On the night of October 19, 2009, Doug Winter went missing on Lake Superior while out kayaking. I waited a long time to write this blog and it is still kind of difficult for me to compose my thoughts. Doug was a friend and kayaking companion. Somehow, writing this post means that I am admitting to myself that he will not be coming back, and that is a hard thought to come to terms with. When someone disappears, I guess it is only natural for us to start channeling our inner Sherlock Holmes trying to come up with answers to the mystery. I too, have come up with no less than five possible scenarios, all plausible, based on the information we have so far, but I don’t intend to share any of them. Because Doug went out alone and did not come back to tell us, we will never know for sure just what happened to him. Unfortunately, that also means that the lessons we might learn from this tragedy will probably be limited as well.

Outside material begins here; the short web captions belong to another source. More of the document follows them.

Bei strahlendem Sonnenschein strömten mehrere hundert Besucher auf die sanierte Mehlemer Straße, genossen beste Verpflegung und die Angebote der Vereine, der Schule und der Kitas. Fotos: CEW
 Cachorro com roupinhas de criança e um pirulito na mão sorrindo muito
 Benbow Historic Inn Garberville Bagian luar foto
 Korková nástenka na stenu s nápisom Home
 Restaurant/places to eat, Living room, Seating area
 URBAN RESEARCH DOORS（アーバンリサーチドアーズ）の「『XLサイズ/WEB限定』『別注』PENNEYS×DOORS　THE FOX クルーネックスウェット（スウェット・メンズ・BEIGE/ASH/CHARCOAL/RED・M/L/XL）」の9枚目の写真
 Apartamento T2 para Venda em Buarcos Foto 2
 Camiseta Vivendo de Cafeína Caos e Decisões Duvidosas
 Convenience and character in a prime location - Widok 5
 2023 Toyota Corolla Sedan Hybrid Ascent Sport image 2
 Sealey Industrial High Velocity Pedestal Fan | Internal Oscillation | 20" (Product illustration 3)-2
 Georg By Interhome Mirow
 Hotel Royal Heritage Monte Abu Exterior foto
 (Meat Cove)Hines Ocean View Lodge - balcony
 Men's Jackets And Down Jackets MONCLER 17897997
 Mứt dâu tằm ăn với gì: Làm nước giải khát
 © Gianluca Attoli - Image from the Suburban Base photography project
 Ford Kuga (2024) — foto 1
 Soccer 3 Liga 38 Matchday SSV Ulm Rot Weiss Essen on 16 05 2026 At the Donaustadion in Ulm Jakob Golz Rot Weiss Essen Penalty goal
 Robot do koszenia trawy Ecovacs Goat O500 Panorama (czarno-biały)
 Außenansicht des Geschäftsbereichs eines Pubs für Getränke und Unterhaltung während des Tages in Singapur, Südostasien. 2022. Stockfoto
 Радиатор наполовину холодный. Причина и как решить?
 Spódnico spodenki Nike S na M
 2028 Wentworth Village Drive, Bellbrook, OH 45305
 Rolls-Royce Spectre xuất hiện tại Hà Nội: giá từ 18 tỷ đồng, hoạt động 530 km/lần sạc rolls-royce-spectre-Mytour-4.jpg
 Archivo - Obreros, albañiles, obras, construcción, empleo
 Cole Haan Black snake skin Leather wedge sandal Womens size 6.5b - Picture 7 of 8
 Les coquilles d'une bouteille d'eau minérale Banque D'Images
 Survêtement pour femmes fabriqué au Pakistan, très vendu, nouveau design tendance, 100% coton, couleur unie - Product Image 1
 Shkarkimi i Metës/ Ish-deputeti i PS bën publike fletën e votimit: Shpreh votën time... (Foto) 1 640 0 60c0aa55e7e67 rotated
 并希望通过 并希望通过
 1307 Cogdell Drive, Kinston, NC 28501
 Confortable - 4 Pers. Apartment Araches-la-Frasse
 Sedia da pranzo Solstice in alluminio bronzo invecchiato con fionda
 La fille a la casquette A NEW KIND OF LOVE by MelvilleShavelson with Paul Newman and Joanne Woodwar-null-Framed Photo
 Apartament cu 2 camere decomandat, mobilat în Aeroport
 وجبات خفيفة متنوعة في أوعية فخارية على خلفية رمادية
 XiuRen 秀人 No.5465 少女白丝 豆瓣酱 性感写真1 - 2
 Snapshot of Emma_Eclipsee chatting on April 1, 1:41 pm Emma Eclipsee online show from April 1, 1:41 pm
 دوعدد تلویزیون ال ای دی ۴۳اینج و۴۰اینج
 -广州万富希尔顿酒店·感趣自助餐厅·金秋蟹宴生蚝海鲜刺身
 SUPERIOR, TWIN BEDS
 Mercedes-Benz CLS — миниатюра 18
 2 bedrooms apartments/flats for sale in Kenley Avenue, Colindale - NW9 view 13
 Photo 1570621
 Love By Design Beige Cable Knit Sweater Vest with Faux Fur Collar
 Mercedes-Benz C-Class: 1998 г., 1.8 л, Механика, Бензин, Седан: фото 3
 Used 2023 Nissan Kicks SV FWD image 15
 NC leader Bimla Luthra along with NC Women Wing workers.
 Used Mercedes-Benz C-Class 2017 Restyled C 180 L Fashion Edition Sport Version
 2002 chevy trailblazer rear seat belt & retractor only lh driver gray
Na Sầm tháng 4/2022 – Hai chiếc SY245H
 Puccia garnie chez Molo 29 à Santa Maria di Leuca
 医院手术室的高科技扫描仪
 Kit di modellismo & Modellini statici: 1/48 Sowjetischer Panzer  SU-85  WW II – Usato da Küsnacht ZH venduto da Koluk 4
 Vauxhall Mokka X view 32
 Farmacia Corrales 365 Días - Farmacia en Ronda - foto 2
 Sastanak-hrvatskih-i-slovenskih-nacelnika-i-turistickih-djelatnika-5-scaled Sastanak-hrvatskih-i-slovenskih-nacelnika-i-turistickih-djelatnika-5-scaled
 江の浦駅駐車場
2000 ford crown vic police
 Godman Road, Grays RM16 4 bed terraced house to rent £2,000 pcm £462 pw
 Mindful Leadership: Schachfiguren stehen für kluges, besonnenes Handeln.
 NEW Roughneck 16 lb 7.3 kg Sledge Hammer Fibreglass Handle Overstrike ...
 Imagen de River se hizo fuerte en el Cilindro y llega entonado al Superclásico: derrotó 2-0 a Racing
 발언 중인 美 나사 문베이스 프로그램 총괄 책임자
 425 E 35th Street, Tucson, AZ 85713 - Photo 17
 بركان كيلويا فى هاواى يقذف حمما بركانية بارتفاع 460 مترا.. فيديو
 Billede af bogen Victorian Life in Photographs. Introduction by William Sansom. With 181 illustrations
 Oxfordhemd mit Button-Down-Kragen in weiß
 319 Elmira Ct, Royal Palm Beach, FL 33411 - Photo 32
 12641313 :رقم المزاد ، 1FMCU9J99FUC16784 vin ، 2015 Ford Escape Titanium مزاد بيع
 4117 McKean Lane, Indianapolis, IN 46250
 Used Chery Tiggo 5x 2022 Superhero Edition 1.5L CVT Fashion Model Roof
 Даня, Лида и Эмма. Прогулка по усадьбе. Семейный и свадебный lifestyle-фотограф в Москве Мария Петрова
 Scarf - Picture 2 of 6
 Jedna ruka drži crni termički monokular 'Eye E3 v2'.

Since we can’t really use this story as a cautionary tale, I would rather focus on Doug, the person, and what I remember about him. I first met Doug when he came into Laacke & Joys to buy his first kayak from me. He bought an inexpensive 13-foot recreational/touring kayak and a cheap paddle. I remember warning him that this was not a kayak for Lake Michigan. I found out later that Doug took that kayak out several miles into Lake Michigan on his first trip. He told me that it was a really scary and dumb thing to do, and when he got back to shore, he decided he better take some lessons. That was when Doug became my kayaking student. Very shortly after taking some lessons, he upgraded to a real sea kayak, started amassing some decent gear, and began to show up for Sunday morning paddles at South Shore. He was still a beginner and his skills needed work, but he got pretty mad when someone bluntly told him so (Sue, you know who you are). When he vented his anger to me, I calmed him down and helped him realize that in her way, Sue was trying to help him. He eventually got over it, and got down to the serious work of trying to improve his skills, taking classes and getting help and advice from the more experienced paddlers in our Sunday morning group. As time went by, Doug became one of the regulars in our paddling group. He helped out at Laacke & Joys Paddlefest as a safety boater on several occasions. He introduced us to “Sven’s” in Bay View where we still often have coffee and brunch after kayaking. He was a driving force behind the October campouts in Door County, something that our local kayakers hadn’t done since back when John Browning still had his outdoor store and hosted a campout at Point Beach. Doug loved to take photos. Some of the best pictures I have of myself in my kayak were taken by Doug. He was generous to a fault. All of us that paddled with him can probably name a handful of times when Doug insisted on picking up our check for coffee or breakfast. It was totally unnecessary, but he wanted to thank us in some way for helping him along in the sport of kayaking. Doug had a cat. He would always have a new story to tell us about “Fuzzy”. He was a skilled carpenter and craftsman. He built a kayak for himself, but then got burned by a bad batch of epoxy that never cured and left his masterpiece permanently “tacky” to the touch.
I will miss Doug, but I think I will try to remember him with a funny story that another one of his friends told me recently. Years ago, when Doug lived in Shawano, he had an old Thunderbird that somehow got stuck in reverse. For two weeks he drove that car all around Shawano backwards. I guess that sometimes you need to move forward by looking in the rearview mirror.